Une collision mortelle survenue jeudi sur le chemin de fer Union Pacific en Californie du Sud a été un nouveau et tragique rappel des conditions intolérables auxquelles les travailleurs sont déterminés à mettre fin une fois pour toutes. Deux travailleurs ont trouvé la mort dans l’accident, ce qui porte à trois le nombre de décès sur le seul train de l’Union Pacific en l’espace de dix jours.

Les responsables syndicaux ont déployé des efforts désespérés pour tenter d’empêcher une grève et faire appliquer le PEB contre l’opposition des travailleurs. Dans une stratégie de «diviser pour mieux régner», cinq petits syndicats ont déjà annoncé des accords de principe inspirés du PEB et ont volontairement prolongé leurs propres périodes de médiation jusqu’à la fin du mois.

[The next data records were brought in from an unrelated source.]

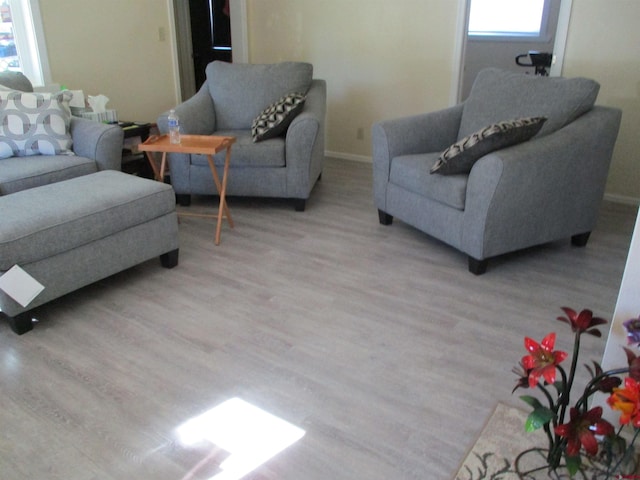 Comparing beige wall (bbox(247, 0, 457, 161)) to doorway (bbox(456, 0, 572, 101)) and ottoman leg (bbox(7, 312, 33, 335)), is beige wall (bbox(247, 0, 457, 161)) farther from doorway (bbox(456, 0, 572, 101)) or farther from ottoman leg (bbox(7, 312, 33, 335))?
ottoman leg (bbox(7, 312, 33, 335))

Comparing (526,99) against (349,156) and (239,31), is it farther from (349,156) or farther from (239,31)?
(239,31)

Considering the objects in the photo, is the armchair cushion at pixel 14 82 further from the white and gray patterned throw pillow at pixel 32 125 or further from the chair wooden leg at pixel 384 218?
the chair wooden leg at pixel 384 218

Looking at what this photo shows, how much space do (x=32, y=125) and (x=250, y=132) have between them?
1.42 m

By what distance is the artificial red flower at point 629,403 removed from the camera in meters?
1.24

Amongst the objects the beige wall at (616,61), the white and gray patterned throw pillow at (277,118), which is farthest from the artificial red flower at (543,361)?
the beige wall at (616,61)

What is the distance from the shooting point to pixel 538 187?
8.80 feet

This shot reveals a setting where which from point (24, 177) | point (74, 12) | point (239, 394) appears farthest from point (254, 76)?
point (239, 394)

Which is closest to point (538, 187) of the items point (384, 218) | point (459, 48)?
point (384, 218)

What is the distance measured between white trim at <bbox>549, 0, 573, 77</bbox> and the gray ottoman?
2.89 m

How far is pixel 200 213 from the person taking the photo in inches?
145

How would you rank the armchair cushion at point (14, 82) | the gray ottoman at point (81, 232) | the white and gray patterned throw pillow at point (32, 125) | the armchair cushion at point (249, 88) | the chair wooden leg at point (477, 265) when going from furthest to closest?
the armchair cushion at point (249, 88) < the armchair cushion at point (14, 82) < the white and gray patterned throw pillow at point (32, 125) < the chair wooden leg at point (477, 265) < the gray ottoman at point (81, 232)

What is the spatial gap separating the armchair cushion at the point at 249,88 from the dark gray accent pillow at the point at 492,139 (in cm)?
165

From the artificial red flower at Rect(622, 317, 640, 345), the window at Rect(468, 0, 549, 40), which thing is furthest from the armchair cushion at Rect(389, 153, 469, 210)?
the window at Rect(468, 0, 549, 40)

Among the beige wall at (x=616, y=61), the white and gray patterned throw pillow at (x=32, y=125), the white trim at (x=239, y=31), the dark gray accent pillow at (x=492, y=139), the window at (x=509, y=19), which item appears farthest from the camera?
the window at (x=509, y=19) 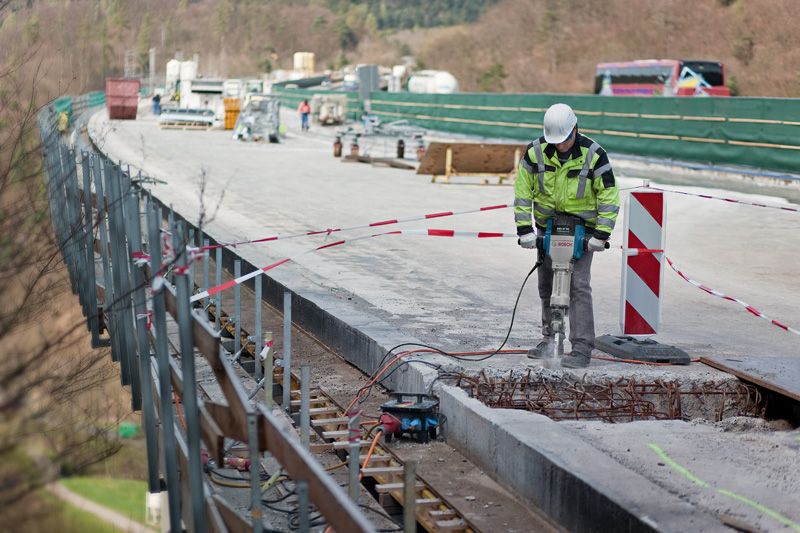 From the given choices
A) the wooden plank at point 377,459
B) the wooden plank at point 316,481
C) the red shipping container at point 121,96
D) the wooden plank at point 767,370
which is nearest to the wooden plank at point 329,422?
the wooden plank at point 377,459

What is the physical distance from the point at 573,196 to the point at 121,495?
12.1 m

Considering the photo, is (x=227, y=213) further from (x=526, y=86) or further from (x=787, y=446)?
(x=526, y=86)

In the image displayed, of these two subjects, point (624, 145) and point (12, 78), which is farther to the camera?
point (624, 145)

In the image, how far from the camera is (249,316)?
1382 centimetres

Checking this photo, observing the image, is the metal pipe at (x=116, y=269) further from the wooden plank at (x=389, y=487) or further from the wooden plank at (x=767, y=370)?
the wooden plank at (x=767, y=370)

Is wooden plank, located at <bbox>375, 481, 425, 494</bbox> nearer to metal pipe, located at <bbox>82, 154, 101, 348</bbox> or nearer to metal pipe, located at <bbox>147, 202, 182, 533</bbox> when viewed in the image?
metal pipe, located at <bbox>147, 202, 182, 533</bbox>

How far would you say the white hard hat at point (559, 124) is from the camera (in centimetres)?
946

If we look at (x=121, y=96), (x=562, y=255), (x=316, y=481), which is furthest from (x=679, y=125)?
(x=121, y=96)

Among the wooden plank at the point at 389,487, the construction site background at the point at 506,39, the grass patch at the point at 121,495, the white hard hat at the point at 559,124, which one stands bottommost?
the grass patch at the point at 121,495

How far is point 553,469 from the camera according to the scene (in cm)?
707

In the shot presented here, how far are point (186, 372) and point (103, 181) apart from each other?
8894 mm

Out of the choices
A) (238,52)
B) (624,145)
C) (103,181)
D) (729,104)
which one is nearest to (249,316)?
(103,181)

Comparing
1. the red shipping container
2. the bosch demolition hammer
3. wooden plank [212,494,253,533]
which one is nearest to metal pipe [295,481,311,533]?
wooden plank [212,494,253,533]

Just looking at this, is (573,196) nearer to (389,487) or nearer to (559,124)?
(559,124) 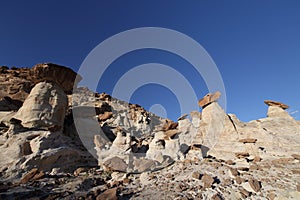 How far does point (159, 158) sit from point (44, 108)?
8888 millimetres

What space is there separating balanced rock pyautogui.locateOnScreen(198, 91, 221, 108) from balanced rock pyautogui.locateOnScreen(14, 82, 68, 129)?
9.43m

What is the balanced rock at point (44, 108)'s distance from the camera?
38.6ft

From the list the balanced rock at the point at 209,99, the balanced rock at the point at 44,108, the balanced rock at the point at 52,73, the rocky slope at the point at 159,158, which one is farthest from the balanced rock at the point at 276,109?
the balanced rock at the point at 52,73

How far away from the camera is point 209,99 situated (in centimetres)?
1094

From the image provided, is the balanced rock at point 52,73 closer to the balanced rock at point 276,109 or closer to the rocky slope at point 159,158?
the rocky slope at point 159,158

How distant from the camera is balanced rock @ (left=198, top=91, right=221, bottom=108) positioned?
10.8 m

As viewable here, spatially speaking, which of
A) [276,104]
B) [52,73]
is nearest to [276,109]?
[276,104]

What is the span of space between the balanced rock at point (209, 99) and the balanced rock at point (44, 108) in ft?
31.0

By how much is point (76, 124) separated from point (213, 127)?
449 inches

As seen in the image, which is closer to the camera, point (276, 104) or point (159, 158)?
point (159, 158)

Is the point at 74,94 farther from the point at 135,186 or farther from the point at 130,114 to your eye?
the point at 135,186

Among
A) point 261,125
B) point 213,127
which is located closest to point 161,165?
point 213,127

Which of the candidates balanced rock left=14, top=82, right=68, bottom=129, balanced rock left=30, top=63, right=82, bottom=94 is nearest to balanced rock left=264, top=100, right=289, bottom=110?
balanced rock left=14, top=82, right=68, bottom=129

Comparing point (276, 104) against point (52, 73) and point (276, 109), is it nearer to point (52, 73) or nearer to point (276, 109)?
point (276, 109) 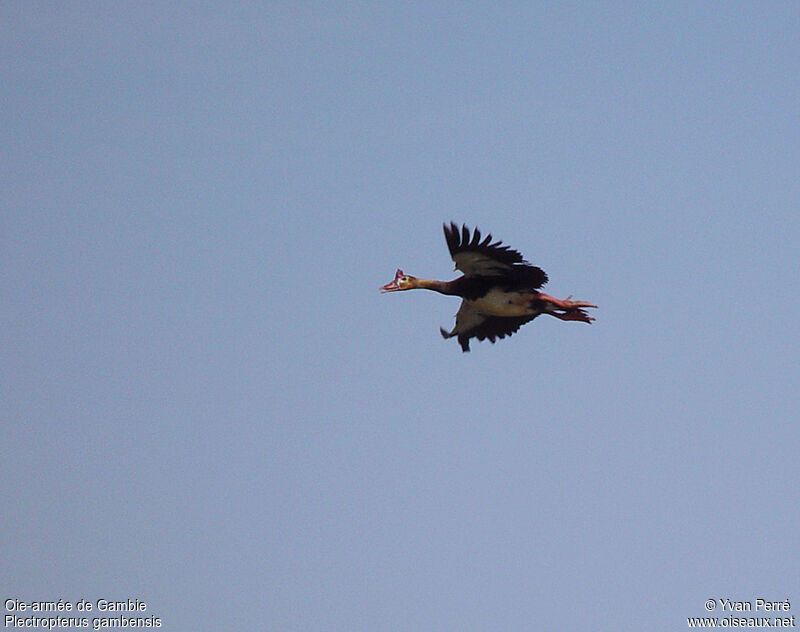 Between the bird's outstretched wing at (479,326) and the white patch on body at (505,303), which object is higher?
the bird's outstretched wing at (479,326)

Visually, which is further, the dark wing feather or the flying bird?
the dark wing feather

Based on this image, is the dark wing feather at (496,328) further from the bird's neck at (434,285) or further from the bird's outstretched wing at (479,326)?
the bird's neck at (434,285)

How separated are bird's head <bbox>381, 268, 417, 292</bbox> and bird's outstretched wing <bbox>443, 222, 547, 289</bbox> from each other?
1.49m

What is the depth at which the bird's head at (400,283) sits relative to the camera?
23562 mm

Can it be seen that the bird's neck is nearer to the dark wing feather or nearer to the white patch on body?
the white patch on body

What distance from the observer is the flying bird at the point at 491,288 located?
70.8 feet

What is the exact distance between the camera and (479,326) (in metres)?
24.6

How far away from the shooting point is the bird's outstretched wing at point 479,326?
79.6 feet

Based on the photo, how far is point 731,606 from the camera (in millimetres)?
21438

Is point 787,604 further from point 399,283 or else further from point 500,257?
point 399,283

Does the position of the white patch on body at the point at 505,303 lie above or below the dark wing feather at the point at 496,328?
below

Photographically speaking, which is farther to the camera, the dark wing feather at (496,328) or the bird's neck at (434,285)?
the dark wing feather at (496,328)

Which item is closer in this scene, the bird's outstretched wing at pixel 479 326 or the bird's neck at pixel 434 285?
the bird's neck at pixel 434 285

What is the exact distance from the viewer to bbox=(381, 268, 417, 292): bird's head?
928 inches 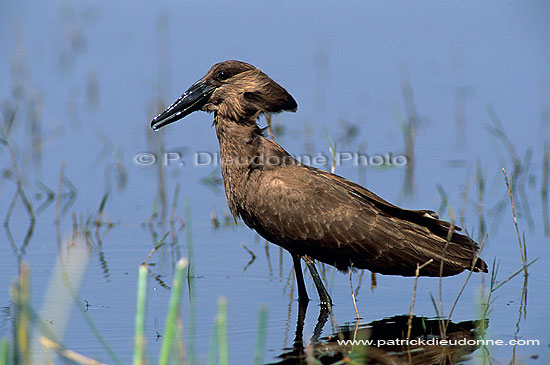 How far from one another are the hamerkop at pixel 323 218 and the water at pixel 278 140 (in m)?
0.32

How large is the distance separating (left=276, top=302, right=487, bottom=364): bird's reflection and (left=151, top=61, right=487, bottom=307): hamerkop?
42cm

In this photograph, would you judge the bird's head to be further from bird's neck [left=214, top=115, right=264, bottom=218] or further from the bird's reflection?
the bird's reflection

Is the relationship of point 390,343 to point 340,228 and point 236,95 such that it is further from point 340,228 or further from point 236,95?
point 236,95

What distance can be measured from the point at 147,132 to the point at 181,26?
376 cm

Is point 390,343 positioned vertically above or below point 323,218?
below

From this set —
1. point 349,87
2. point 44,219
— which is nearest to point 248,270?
point 44,219

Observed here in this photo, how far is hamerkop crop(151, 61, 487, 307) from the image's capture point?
6.29 m

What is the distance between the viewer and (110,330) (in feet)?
A: 19.1

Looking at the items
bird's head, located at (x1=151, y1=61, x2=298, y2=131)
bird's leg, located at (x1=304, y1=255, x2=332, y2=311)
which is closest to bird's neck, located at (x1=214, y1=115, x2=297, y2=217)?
bird's head, located at (x1=151, y1=61, x2=298, y2=131)

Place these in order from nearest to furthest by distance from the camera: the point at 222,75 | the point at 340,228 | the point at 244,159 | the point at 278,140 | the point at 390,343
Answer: the point at 390,343 < the point at 340,228 < the point at 244,159 < the point at 222,75 < the point at 278,140

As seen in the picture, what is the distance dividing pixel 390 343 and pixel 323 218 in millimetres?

Cependant, les milieux d’affaires craignent de plus en plus que les syndicats ne soient pas en mesure de faire le travail qui est attendu d’eux. La semaine dernière, le gouvernement Biden est intervenu par l’intermédiaire du Conseil national de médiation (NMB), qui a rappelé les responsables syndicaux à Washington pour trois jours de pourparlers avec un médiateur, en présence du secrétaire au travail Marty Walsh.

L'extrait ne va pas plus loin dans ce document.